[Collection entries]
━━━━━━━━━━━━━━━━━━━━

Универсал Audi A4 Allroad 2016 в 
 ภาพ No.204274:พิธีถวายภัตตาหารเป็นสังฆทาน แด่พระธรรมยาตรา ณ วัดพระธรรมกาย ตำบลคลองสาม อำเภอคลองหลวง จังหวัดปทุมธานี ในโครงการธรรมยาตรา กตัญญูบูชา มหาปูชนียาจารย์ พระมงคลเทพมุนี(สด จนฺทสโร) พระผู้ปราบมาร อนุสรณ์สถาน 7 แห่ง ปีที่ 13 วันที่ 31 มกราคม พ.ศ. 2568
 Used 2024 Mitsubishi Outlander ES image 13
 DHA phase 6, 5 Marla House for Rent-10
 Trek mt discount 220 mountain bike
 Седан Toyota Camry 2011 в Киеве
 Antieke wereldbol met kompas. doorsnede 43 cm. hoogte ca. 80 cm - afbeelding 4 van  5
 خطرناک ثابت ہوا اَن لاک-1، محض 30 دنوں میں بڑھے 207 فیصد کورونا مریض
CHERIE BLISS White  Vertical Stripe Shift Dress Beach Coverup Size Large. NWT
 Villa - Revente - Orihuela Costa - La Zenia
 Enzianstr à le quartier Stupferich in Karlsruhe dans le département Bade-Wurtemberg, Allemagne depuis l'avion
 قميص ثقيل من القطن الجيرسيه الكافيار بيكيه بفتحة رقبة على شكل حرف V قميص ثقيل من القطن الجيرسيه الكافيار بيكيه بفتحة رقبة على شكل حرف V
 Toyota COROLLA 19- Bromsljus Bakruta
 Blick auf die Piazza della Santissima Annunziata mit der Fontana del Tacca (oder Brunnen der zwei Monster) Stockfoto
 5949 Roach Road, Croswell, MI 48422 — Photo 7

━━━━━━━━━━━━━━━━━━━━

> **Work instructions**: The lines from the one with "V قميص ثقيل" through the end of the data above are to be set down exactly, with both boundary lines included and no other lines.

> **Task answer**:
 قميص ثقيل من القطن الجيرسيه الكافيار بيكيه بفتحة رقبة على شكل حرف V قميص ثقيل من القطن الجيرسيه الكافيار بيكيه بفتحة رقبة على شكل حرف V
 Toyota COROLLA 19- Bromsljus Bakruta
 Blick auf die Piazza della Santissima Annunziata mit der Fontana del Tacca (oder Brunnen der zwei Monster) Stockfoto
 5949 Roach Road, Croswell, MI 48422 — Photo 7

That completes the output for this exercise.